Santa Barbara, Ca. (January 12, 2021) – Living out Dr. King’s message of speaking up for one’s ideals, Marymount students from 4th through 7th grades wrote powerful pieces honoring the civil rights leader’s legacy. The contest was organized by the Martin Luther King Jr. Committee of Santa Barbara in conjunction with the Anti-Defamation League’s, No Place for Hate initiative. Students from Summerland to Santa Ynez, ages 6-18, were invited to submit their thoughts on the theme of speaking up for what’s right or on any aspect of Dr. King’s life.
When Marymount teacher Kari Eiler found out about the contest, she knew it would be a perfect activity for her 4th and 5th grade Kaleidoscope classes. Marymount’s Kaleidoscope program gives students the opportunity to experience and study the culture, history, and values of World Religions through a global and unifying perspective.

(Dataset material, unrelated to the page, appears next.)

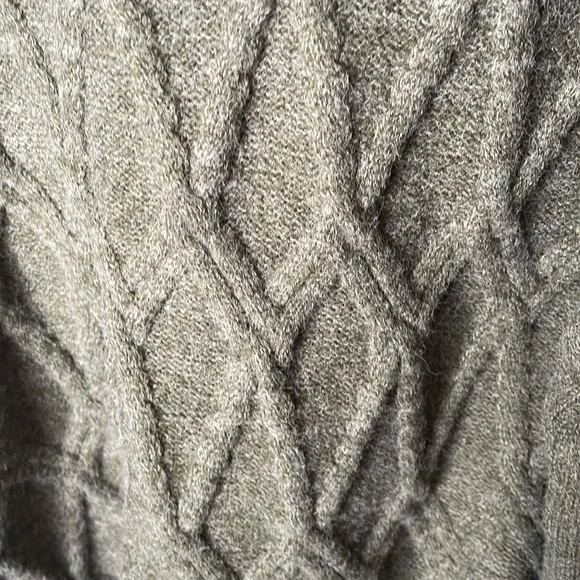 Belle by Belldini women’s crew neck high dimensional sweater in green and size L - Picture 5 of 8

“Developing an impassioned curiosity for the world is a key tenant of Kaleidoscope World Religions at Marymount,” Eiler said. “Giving students an opportunity to learn more about Martin Luther King Jr.’s life as well as to share their feelings about the state of racial justice in our world was a win-win prospect.”

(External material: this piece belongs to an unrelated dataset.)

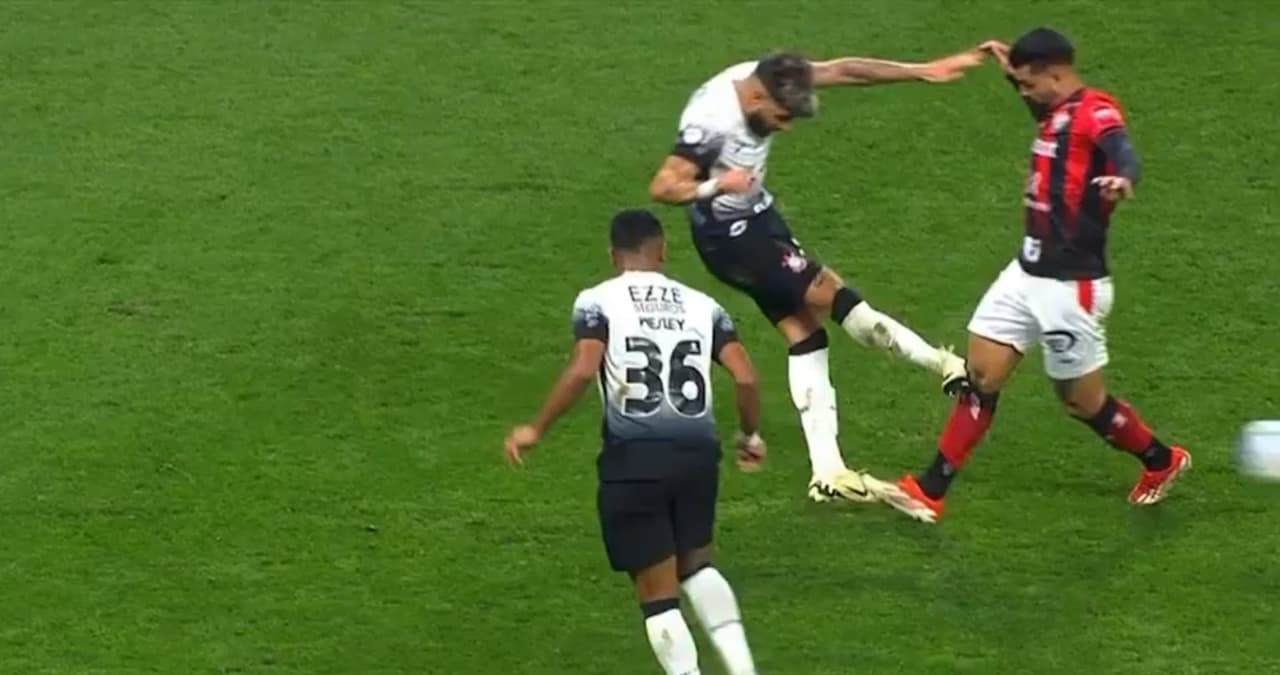 Áudio do VAR analisando possível expulsão de Yuri Alberto em Corinthians x Vitória.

Eiler’s colleagues who teach the 6th and 7th grade Kaleidoscope courses of Service Learning and Ethics eagerly engaged their students with the prompt as well. Students embraced the challenge and produced a wide range of inspiring pieces.
“My hope for every student is self-efficacy; I want them to believe in the power of their convictions as well as possess the self confidence and skills necessary to make the world a more fair, kind, and peaceful place,” Eiler said.

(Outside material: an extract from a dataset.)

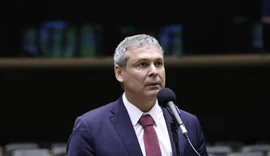 “Estuprador”: acusação de Lindbergh contra Gaspar gera pedido de cassação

Winners were announced in December. Fourth grade student, Lillian Richardson won 3rd prize for her 6-12 age bracket. Alex Peace won second place in the 13-18 age bracket, and Ember Reiter won an honorable mention in that age bracket as well. Eighth grade student Ravi Pandya was named as a runner-up. All students learned a valuable lesson in writing from the heart.
“Believing in oneself and looking for ways to create changes (for self and/or world) are mutually dependent constructs,” Eiler said. “Kaleidoscope offers a portal for students, as well as teachers, to contemplate their place in the world.”